1. RandomForestClassifier - 65%
2. XGBClassifier - 67%

In [39]:
from sklearn import *
from sklearn.ensemble import RandomForestClassifier
import xgboost as xgb
from xgboost import XGBClassifier

col = ['AUD','CAD','CHF','DKK','EUR','GBP','HKD','JPY','MXN','NOK','NZD','SEK','SGD','USD','backers','usd_pledged_real','usd_goal_real','time_campaign']
X_train, X_test, y_train, y_test = model_selection.train_test_split(df_ks[col].fillna(-1), df_ks[['canceled','failed','successful']], random_state=1, stratify=df_ks[['canceled','failed','successful']], 
                                                    test_size=0.25)
#Normalizing the features 
import math
from sklearn.preprocessing import StandardScaler 
sc_X = StandardScaler() 
X_train = sc_X.fit_transform(X_train) 
X_test = sc_X.transform(X_test)

In [36]:
#model = multiclass.OneVsRestClassifier(ensemble.RandomForestClassifier(max_depth = 7, n_estimators=1000, random_state=33))
#model = multiclass.OneVsRestClassifier(ensemble.ExtraTreesClassifier(n_jobs=-1, n_estimators=100, random_state=33))

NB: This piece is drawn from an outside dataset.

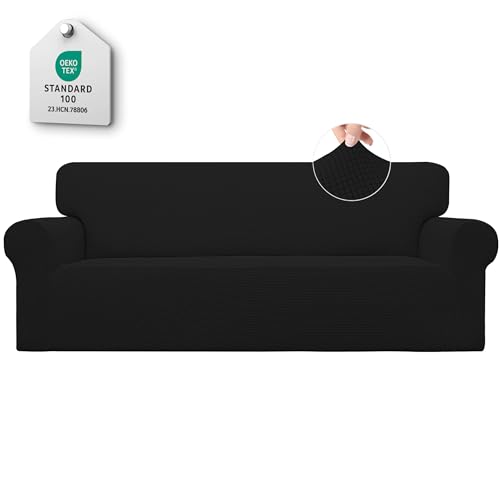 Easy-Going Stretch Sofa Slipcover 1-Piece Couch Sofa Cover Furniture Protector Soft with Elastic Bottom for Kids, Spandex Jacquard Fabric Small Checks (Large, Black)
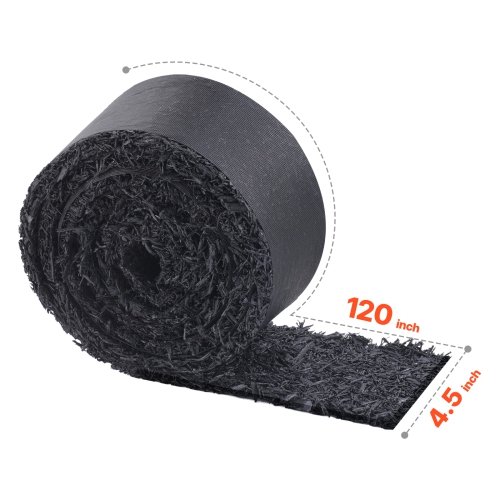 VEVOR 120 x 4.5 in Rubber Mulch for Landscaping,Recycled Rubber, Permanent Pathway, Natural-Looking Black Mulch Garden Edging Border for Plants,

param_dist = {'objective': 'binary:logistic', 'max_depth': 1, 'n_estimators':1000, 'num_round':1000, 'eval_metric': 'logloss'}
model = multiclass.OneVsRestClassifier(xgb.XGBClassifier(**param_dist))

model.fit(X_train, y_train)

OneVsRestClassifier(estimator=XGBClassifier(base_score=0.5, booster='gbtree', colsample_bylevel=1,
       colsample_bytree=1, eval_metric='logloss', gamma=0,
       learning_rate=0.1, max_delta_step=0, max_depth=1,
       min_child_weight=1, missing=None, n_estimators=1000, n_jobs=1,
       nthread=None, num_round=1000, objective='binary:logistic',
       random_state=0, reg_alpha=0, reg_lambda=1, scale_pos_weight=1,
       seed=None, silent=True, subsample=1),
          n_jobs=1)

In [37]:
import math
import pickle
# save the model to disk
filename = 'XGBClassifier.sav'
pickle.dump(model, open(filename, 'wb'))

In [38]:
# some time later...
 
# load the model from disk
loaded_model = pickle.load(open(filename, 'rb'))
print('Accuracy:',(math.exp(-metrics.log_loss(y_test, loaded_model.predict_proba(X_test)))))

Accuracy: 0.6700048466191929